Giving efficiency the full throttle at NASCAR
The NASCAR organization has long been synonymous with speed, agility and innovation. And so by extension, partnerships at NASCAR hold a similar reputation. One such partner for the organization has been CDW – a leading multi-brand provider of information technology solutions to businesses, government, education and healthcare customers in the United States, the United Kingdom and Canada. CDW provides a broad array of products and services ranging from hardware and software to integrated IT solutions such as security cloud hybrid infrastructure and digital experience. Customer need is the driving force at CDW, and the company helps clients by delivering integrated services solutions that maximize their technology investment. So how does CDW help their customers achieve their business goals? Troy Okerberg, Field Sales Manager - North Florida at CDW adds “We strive to provide our customers with full stack expertise, helping them design, orchestrate and manage technologies that drive their business outcomes.”
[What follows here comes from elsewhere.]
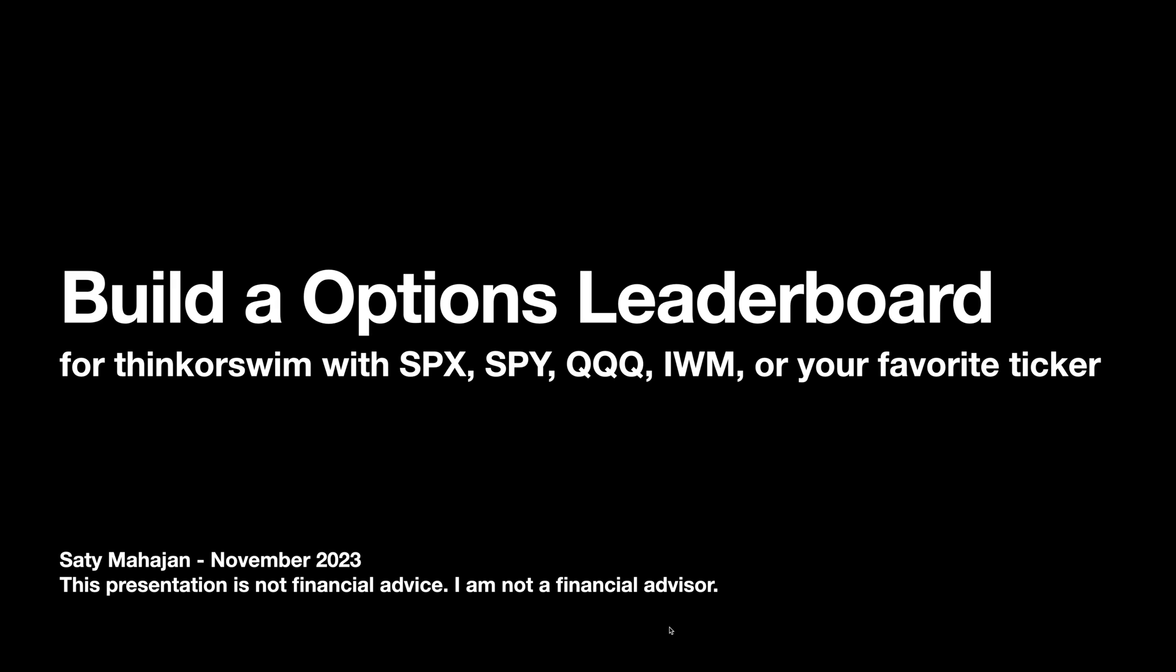Hi, everyone. So today we're going to build an options leaderboard, a volume leaderboard for Thinkorswim with SPX, SPY, Qs, IWM, or your favorite ticker. I'm going to show you how to do it on SPX, but of course this translates to any ticker of your choosing.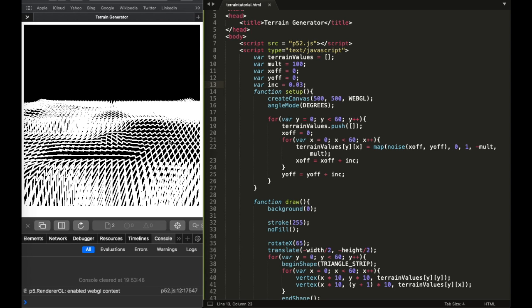So yeah, that's how you make a terrain in JavaScript and p5.js. Maybe later I'll make a video on how to do this with blocks to create a Minecraft-style world — a 3D environment. I'm actually learning that myself right now, trying to make the world generation without controls for now since that takes quite a lot of time. Hope you guys learned something from this video — thanks for watching, see you in the next one.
NASCAR acquired International Speedway Corporation (ISC) in 2019, merging its operations into one, new company moving forward. The merger represents an important step forward for NASCAR as the sport creates a unified vision to embrace its long history of exciting, family-oriented racing experiences while developing strategic growth initiatives that will drive the passion of core fans and attract the next generation of race fans. CDW has been instrumental in bringing the two technology environments together to enable collaboration and efficiency as one organization. Starting with a comprehensive analysis of all of NASCAR’s vendors, CDW created a uniform data platform for the data center environment across the NASCAR-ISC organization. The IT partner has also successfully merged the two native infrastructure systems together, while analyzing, consulting and providing an opportunity to merge Microsoft software licenses as well.
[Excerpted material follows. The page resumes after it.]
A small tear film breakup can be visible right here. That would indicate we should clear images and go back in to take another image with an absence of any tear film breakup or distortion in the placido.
2020 turned into a tactical year for both organizations with the onset of the pandemic and CDW has had to react quickly to the changing scenario. Most of the initial change included building efficiencies around logistics, like equipment needing to be delivered into the hands of end users who switched to a virtual working environment almost overnight. CDW’s distribution team worked tirelessly to ensure that all customers could still access the products that they were purchasing and needed for their organizations throughout the COVID timeframe. Okerberg adds that today, CDW continues to optimize their offering by hyper-localizing resources as well as providing need-based support based on the size and complexity of their accounts. Although CDW still operates remotely, the company commits to adapting to the changing needs of their clients, NASCAR in particular. Apart from the challenges that COVID-19 brought to the organization, another task that CDW had been handed was to identify gaps and duplicates in vendor agreements that the two former single-entity organizations had in place and align them based on services offered. CDW further helps identify and provide the best solution from a consolidation standpoint of both hardware and software clients so that the new merged organization is equipped with the best of what the industry has to offer.